Of the 102 recipients in whom EBV PCR was checked at the time of transplant, 10 had detectable EBV replication with 100-3000 copies/mL (mean 670 +/- 870) in the blood. They were not demographically different from the recipients that did not have EBV viremia at transplant. Median post-tx follow up was 571 days (range 22 days – 4.1 years). Patient and graft survival were not significantly different (p 0.9; 0.36 respectively) in recipients who did and did not have EBV viremia at transplant. Post-transplant EBV viremia free survival was also not significantly different (p 0.49). There were no PTLD cases or infectious mononucleosis post-transplant in any recipients who had EBV viremia at the time of transplant.

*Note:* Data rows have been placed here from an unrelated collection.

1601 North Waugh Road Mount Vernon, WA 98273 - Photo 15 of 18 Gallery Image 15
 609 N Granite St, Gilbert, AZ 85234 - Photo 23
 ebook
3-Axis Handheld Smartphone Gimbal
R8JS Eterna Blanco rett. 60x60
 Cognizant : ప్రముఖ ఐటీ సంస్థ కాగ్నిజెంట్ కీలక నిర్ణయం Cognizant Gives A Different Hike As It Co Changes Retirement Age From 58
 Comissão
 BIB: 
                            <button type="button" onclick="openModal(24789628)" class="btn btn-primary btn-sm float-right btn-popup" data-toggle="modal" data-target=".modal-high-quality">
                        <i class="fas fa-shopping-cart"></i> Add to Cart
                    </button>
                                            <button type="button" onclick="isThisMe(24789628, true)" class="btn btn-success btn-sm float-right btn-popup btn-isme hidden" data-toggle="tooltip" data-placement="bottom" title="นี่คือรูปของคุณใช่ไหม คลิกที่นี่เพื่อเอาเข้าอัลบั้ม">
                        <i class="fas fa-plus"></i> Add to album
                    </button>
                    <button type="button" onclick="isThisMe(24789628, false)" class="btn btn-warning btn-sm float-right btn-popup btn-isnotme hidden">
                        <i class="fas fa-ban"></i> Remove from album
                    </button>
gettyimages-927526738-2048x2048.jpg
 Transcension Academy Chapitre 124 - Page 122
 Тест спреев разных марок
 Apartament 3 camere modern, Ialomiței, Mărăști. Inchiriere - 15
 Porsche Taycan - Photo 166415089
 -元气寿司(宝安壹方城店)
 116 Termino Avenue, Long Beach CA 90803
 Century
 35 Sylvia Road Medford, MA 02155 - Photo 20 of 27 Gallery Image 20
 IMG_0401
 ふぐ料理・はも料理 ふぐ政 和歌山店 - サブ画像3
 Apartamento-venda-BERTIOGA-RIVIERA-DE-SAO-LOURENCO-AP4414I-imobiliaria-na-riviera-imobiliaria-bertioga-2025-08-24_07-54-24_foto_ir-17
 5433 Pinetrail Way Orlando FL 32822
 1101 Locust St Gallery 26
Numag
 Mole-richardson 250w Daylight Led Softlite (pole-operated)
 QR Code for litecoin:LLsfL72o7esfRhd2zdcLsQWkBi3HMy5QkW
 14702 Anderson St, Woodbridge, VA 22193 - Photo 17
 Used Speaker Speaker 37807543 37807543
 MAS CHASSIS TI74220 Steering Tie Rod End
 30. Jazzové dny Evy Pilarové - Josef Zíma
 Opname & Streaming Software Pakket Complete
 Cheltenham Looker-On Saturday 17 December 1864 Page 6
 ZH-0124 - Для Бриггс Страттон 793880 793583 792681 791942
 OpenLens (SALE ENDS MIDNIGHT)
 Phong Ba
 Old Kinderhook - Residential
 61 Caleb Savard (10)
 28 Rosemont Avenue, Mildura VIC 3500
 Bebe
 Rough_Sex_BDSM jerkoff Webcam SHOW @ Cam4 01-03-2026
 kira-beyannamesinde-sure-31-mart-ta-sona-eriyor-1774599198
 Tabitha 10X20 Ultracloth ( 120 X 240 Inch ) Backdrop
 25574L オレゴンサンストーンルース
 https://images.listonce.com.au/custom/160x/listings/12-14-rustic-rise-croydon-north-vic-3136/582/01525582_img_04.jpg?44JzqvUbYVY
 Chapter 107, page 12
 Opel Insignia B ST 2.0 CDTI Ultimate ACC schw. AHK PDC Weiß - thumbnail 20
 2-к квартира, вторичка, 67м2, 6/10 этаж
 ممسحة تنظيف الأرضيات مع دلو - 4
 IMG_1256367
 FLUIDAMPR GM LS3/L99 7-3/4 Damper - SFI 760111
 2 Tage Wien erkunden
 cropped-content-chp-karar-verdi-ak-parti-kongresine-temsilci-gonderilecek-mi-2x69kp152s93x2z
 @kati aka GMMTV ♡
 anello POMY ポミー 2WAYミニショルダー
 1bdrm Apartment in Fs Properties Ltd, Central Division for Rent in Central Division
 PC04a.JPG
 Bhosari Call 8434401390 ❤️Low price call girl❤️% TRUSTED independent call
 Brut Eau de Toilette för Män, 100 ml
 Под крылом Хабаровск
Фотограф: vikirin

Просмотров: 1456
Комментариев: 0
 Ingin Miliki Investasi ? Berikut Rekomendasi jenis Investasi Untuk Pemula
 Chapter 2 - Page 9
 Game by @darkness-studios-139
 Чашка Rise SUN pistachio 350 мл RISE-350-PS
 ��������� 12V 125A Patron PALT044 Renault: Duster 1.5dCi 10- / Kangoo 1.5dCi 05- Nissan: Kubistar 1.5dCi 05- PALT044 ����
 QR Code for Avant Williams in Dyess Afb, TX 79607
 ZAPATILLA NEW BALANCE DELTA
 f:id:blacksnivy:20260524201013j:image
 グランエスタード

In conclusion, recipient EBV viremia at transplant was not common; importantly, viremia at tx was not associated with differences in patient / graft survival or post-transplant EBV viremia, EBV-related PTLD or disease.
CITATION INFORMATION: Verghese P, Balfour H, Schmeling D, Grimm J, Chinnakotla S, Matas A. Does EBV Viremia at Time of Transplant Have a Negative Impact on Transplant Outcomes? Am J Transplant. 2017;17 (suppl 3).
To cite this abstract in AMA style:Verghese P, Balfour H, Schmeling D, Grimm J, Chinnakotla S, Matas A. Does EBV Viremia at Time of Transplant Have a Negative Impact on Transplant Outcomes? [abstract]. Am J Transplant. 2017; 17 (suppl 3). https://atcmeetingabstracts.com/abstract/does-ebv-viremia-at-time-of-transplant-have-a-negative-impact-on-transplant-outcomes/. Accessed June 19, 2021.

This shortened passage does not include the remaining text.